This is a collection of toy programs for computing the Levenshtein
distance between two lists.
This started because of a question Benny Tsai posed on the Edmonton
Functional Programming User's Group. Here's a reproduction of the
mail:
This recursive implementation of Levenshtein/edit distance was
recently posted to the Clojure group:
(defn levenshtein [[a & as :as s1] [b & bs :as s2]]
(cond
(empty? s1) (count s2)
(empty? s2) (count s1)
:else (min
(inc (levenshtein as s2)) ;; deletion cost
(inc (levenshtein s1 bs)) ;; insertion cost
(+ (if (= a b) 0 1) (levenshtein as bs))))) ;; substitution cost
The equivalent code in Ruby:
def levenshtein(s1, s2)
case
when s1.empty? then s2.length
when s2.empty? then s1.length
else [1 + levenshtein(s1[1..-1], s2),
1 + levenshtein(s1, s2[1..-1]),
(s1[0] == s2[0] ? 0 : 1) + levenshtein(s1[1..-1], s2[1..-1])].min
end
end
And Haskell (I think):
levenshtein :: Eq a => [a] -> [a] -> Int
levenshtein [] s2 = length s2
levenshtein s1 [] = length s1
levenshtein a:as b:bs = minimum [deletion, insertion, substitution]

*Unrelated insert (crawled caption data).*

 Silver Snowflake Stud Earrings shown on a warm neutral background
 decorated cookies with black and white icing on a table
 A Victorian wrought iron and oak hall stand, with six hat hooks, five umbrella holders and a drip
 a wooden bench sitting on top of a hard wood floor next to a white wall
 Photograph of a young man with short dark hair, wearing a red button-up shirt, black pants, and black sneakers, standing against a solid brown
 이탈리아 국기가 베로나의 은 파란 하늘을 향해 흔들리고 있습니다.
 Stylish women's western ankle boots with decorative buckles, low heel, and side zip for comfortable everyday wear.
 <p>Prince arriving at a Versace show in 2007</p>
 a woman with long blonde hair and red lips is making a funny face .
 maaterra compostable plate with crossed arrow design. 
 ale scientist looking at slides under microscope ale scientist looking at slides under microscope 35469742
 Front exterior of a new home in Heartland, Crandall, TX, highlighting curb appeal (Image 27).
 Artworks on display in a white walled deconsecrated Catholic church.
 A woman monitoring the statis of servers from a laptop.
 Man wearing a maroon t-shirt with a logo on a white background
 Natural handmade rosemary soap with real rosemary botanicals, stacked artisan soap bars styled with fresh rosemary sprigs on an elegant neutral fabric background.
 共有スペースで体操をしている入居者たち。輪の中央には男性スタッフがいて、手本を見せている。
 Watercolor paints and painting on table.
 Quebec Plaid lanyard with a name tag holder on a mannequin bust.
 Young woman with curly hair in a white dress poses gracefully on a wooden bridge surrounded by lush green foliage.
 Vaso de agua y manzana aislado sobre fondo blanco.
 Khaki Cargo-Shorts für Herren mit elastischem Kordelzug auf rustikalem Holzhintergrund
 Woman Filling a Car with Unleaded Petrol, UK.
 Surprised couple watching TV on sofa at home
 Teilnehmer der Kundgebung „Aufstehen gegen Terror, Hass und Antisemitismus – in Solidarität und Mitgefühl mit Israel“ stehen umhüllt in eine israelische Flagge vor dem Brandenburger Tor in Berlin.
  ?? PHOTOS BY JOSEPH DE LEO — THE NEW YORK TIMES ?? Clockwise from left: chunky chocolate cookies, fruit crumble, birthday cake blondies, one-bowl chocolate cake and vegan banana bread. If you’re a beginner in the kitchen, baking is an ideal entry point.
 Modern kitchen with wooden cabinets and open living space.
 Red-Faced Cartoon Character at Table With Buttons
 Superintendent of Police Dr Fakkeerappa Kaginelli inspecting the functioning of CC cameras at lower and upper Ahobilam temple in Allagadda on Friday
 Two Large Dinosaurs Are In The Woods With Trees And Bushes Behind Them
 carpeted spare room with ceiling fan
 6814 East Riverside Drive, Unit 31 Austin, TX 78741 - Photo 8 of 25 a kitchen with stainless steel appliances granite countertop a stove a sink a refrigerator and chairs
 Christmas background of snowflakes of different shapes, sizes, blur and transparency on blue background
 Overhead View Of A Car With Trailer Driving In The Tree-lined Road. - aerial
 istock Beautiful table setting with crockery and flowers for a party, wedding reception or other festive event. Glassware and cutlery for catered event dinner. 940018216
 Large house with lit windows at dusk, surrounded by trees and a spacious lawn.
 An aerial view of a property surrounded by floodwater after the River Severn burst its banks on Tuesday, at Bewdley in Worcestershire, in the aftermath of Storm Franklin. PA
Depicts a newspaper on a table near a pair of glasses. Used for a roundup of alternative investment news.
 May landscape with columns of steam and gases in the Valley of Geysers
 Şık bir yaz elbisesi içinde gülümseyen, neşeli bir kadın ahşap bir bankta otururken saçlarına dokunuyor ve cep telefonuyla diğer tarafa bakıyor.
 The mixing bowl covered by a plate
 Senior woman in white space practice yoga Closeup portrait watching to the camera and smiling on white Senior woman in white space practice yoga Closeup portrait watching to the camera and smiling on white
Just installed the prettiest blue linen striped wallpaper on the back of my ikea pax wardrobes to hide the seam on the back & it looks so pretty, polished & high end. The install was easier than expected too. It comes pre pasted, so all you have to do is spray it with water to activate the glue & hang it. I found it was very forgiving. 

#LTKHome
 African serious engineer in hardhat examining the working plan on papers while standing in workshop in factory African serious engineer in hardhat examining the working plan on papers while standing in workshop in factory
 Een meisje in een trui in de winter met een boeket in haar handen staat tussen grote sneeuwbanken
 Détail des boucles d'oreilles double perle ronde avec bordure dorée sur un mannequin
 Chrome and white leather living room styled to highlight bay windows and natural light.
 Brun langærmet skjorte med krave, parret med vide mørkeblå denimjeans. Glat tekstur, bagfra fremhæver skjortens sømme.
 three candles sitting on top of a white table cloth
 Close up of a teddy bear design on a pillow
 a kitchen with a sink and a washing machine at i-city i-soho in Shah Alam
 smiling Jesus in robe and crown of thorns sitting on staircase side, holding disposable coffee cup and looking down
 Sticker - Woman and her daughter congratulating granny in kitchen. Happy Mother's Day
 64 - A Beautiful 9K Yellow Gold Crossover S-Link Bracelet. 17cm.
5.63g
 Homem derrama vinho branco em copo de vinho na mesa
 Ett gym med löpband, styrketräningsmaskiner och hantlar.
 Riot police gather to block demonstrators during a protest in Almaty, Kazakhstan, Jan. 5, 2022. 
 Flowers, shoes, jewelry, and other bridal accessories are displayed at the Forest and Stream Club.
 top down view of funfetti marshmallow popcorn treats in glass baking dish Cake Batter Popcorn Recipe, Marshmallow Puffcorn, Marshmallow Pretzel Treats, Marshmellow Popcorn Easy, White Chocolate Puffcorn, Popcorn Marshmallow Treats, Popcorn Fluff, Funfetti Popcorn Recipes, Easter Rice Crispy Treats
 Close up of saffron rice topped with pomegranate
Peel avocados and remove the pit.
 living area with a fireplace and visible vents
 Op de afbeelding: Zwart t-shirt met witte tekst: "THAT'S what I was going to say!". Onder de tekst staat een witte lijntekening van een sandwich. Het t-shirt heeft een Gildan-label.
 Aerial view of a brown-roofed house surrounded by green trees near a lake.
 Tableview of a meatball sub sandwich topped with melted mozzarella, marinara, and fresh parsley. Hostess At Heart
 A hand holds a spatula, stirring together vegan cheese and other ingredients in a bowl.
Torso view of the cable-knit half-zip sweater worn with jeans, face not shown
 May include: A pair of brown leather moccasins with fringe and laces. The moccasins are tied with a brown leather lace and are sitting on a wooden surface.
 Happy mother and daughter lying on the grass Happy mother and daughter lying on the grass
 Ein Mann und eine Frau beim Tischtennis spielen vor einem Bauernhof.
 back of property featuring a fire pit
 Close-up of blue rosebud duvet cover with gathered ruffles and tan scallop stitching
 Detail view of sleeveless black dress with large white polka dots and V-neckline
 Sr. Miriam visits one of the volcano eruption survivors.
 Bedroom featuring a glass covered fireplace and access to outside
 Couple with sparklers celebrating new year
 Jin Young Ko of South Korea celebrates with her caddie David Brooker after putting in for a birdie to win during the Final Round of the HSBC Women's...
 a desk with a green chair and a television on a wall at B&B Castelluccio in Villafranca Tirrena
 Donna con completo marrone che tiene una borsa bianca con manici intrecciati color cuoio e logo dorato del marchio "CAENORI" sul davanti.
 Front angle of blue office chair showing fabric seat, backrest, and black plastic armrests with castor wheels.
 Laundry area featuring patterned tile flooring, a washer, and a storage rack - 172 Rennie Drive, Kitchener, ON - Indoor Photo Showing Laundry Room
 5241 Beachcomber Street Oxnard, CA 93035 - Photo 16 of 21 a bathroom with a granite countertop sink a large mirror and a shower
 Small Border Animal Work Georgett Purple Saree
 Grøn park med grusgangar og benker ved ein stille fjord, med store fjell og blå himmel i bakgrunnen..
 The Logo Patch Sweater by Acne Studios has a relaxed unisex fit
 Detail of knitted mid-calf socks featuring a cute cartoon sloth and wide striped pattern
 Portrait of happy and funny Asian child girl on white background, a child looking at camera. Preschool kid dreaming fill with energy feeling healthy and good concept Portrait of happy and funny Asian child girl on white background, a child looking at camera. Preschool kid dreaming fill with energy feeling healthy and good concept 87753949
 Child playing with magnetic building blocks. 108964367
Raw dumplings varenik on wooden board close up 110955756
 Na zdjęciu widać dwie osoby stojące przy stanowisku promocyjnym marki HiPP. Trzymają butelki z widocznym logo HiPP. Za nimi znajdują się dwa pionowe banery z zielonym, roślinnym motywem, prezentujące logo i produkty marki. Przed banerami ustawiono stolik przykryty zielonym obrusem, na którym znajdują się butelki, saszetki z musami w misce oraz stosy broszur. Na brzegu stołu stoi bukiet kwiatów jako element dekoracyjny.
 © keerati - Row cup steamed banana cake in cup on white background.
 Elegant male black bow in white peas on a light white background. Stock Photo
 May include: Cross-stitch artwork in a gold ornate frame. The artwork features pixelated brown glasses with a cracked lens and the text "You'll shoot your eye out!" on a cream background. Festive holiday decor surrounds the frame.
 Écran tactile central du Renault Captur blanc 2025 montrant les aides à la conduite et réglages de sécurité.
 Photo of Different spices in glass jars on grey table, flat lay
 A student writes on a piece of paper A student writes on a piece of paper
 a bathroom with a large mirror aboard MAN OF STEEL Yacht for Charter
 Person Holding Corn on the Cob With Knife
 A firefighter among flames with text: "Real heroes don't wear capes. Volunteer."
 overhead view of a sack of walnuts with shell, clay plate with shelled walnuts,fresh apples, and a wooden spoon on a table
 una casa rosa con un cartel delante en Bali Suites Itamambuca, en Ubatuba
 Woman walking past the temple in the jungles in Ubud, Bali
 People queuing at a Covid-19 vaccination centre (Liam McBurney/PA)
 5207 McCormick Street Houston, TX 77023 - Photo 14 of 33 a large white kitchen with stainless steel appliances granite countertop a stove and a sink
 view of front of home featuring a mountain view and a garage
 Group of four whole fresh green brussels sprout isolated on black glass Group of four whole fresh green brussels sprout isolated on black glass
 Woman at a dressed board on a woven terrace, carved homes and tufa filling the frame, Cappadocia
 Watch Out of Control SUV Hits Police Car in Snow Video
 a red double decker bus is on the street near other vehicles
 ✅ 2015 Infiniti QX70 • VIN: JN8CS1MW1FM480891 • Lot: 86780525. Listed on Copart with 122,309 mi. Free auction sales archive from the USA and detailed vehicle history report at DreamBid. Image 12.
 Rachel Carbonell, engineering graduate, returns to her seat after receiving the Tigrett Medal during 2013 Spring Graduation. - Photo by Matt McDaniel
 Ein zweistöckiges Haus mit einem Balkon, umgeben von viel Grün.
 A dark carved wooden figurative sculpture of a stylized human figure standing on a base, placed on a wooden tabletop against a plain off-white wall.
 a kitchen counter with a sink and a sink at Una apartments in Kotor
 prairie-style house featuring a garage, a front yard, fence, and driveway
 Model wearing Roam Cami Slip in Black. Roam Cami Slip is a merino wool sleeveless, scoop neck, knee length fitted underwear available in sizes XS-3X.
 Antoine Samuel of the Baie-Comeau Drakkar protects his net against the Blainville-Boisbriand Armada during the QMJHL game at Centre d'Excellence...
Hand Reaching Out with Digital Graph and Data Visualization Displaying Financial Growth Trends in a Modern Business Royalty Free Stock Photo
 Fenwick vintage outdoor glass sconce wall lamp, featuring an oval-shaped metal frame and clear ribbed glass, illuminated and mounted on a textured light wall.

where deletion = 1 + levenshtein as b:bs
insertion = 1 + levenshtein a:as bs
substitution = (if a == b then 0 else 1) + levenshtein as bs
The poster was asking for suggestions on how to re-write the code,
because while it is correct, it exhausts the stack on large inputs.
My first idea was to re-write it in a tail-recursive manner, then
Clojure's explicit tail-call optimization can be used to avoid blowing
up the stack. But I couldn't figure out how to re-write the logic
where we choose the minimum between 3 recursive calls.
There are other ways to calculate Levenshtein distance, like the
traditional array-based approach. What I'm wondering is whether this
pattern of recursion, where we "choose" between multiple recursive
calls, can be made tail-recursive.
It was a pleasure meeting everyone last night. Already looking
forward to our next get-together!
The original implementation is in the Reference module. I can't
believe anybody could exhaust the stack with this implementation,
because it's extremely slow. The running time of
levenshtein [1..n] [1..n]
grows extremely quickly as 'n' increases, because the algorithm
performs the same sub-computation many times.